Exercise inputs:
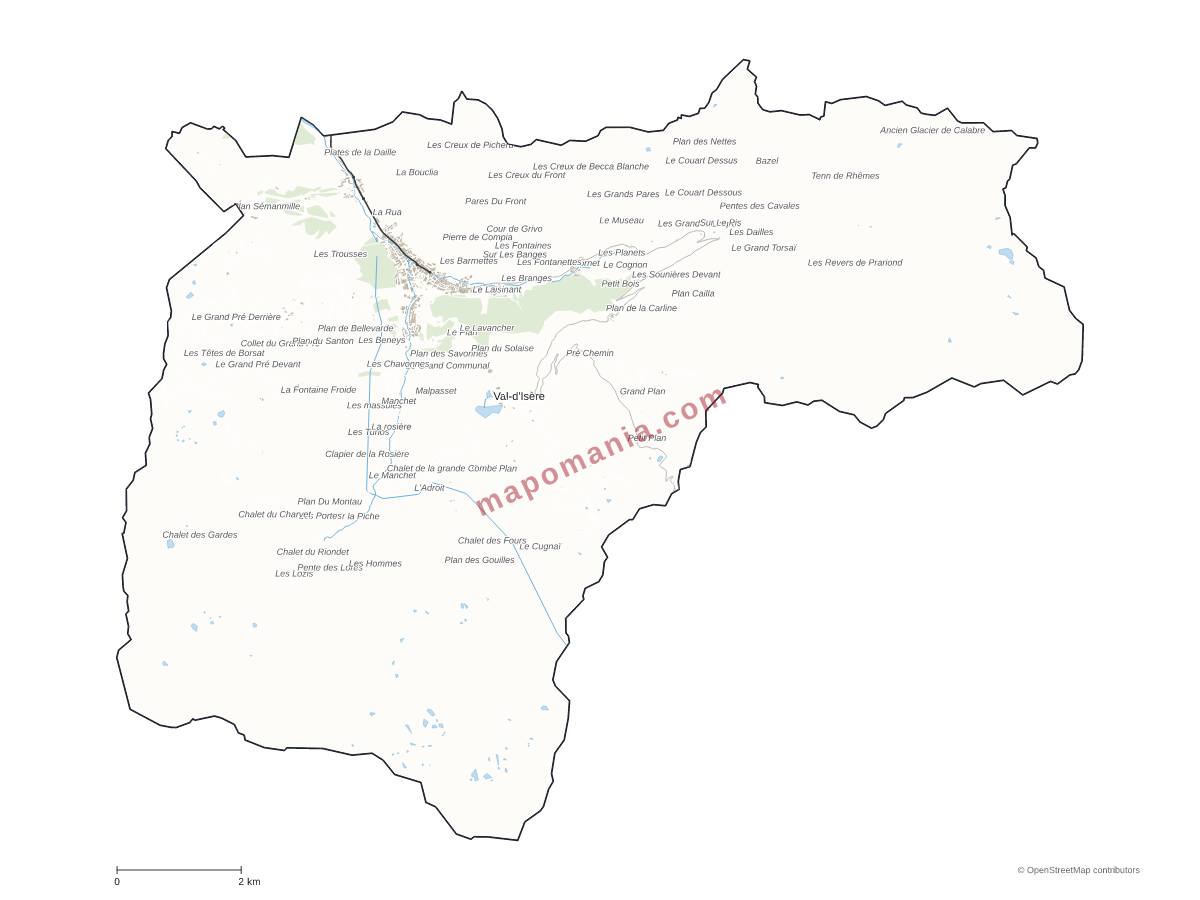Carte de Val-d'Isère à personnaliser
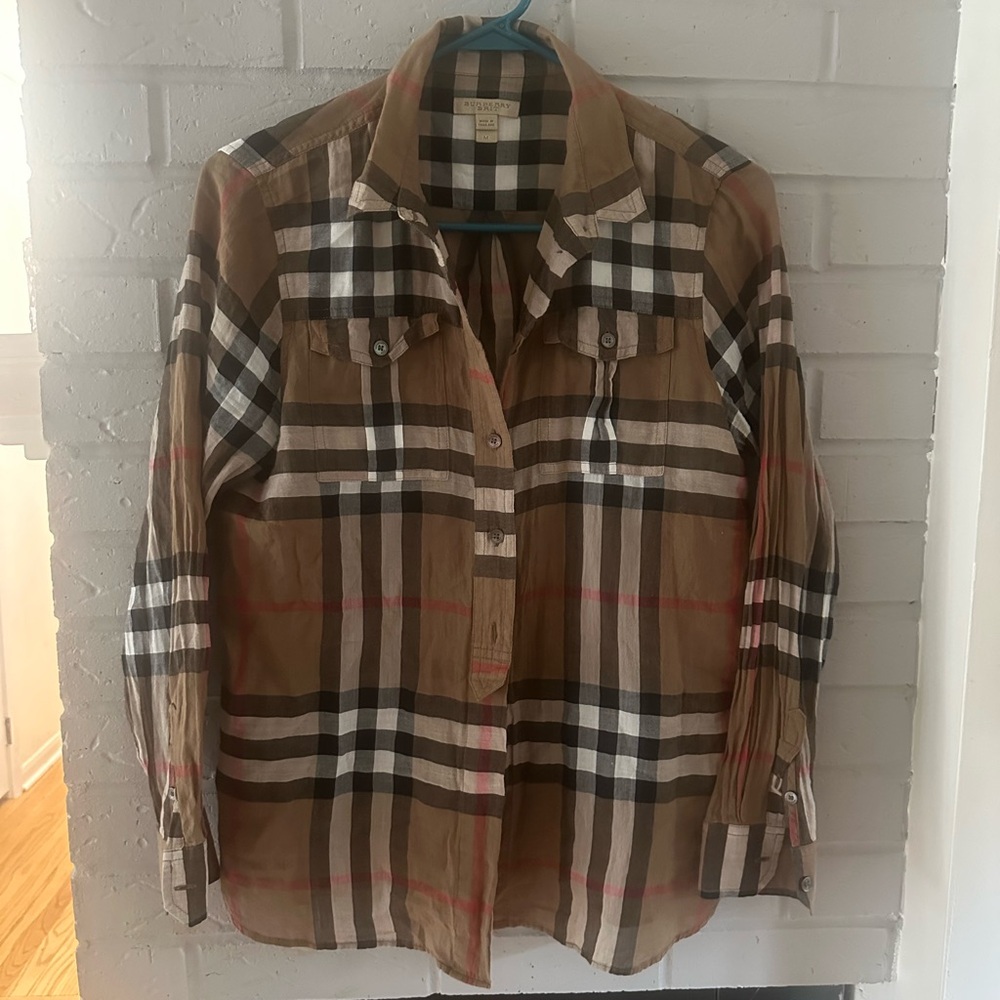 Burberry Brit Black and Tan Plaid Shirt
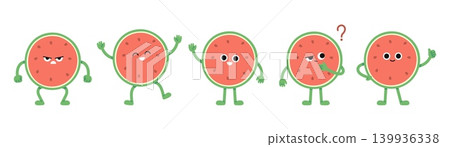 Funny watermelon characters. Half watermelons thinking, angry, laughing, joy. Fun sweet juicy food, vegan nutrition, raw summer ingredients, vector mascots Funny watermelon characters. Half watermelons thinking, angry, laughing, joy. Fun sweet juicy food, vegan nutrition, raw summer ingredients, vector mascots 139936338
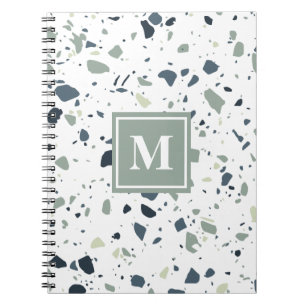 Carnet Monogramme de marbre bleu moderne Terrazzo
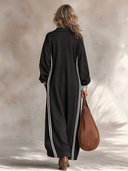 Women’s Vintage-Style Casual Long-Sleeve Maxi Dress In Air-Layer Fabric With Lapel Collar And Zipper ZMZ2704J8ZYY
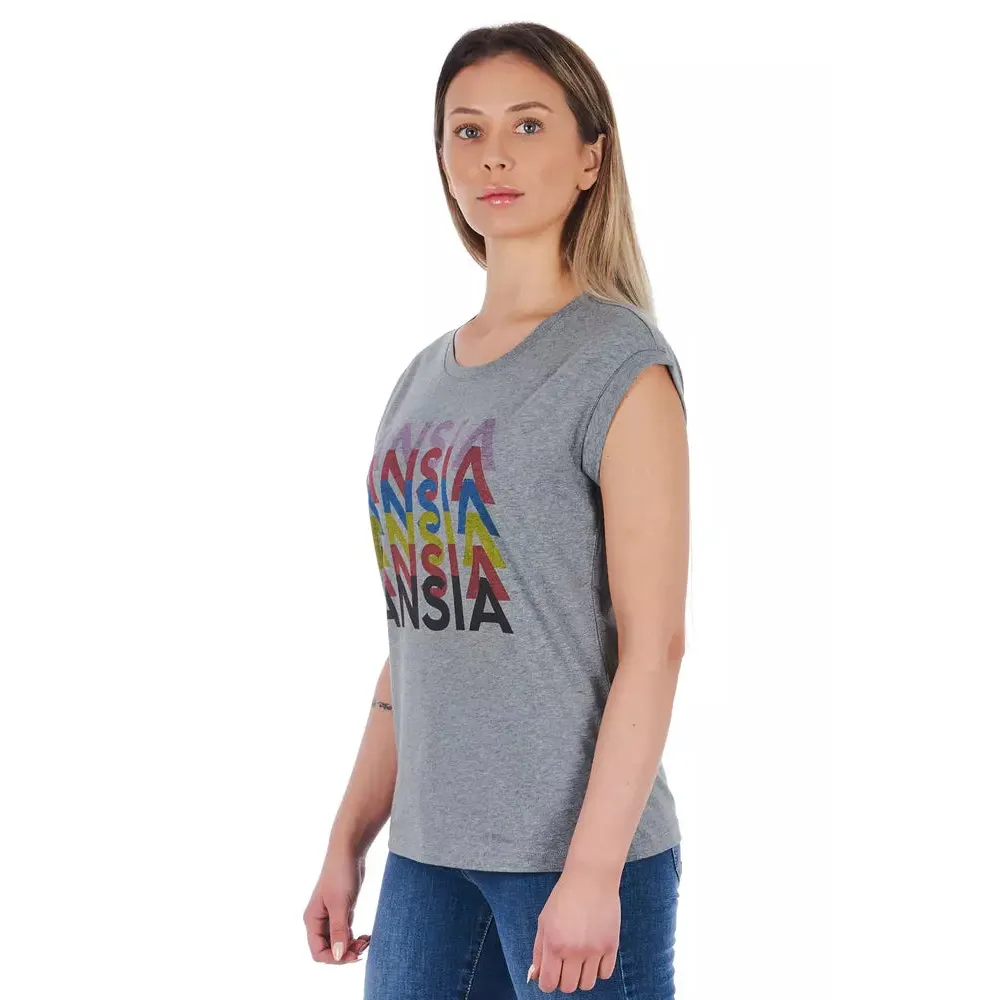 Frankie Morello Gray Cotton Women T-Shirt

Brief:
Take the lines from the start of the listing above through the line with "Burberry Brit Black and Tan Plaid Shirt", both ends included, and copy them exactly, leaving the pictures behind.

Task response:
Carte de Val-d'Isère à personnaliser
 Burberry Brit Black and Tan Plaid Shirt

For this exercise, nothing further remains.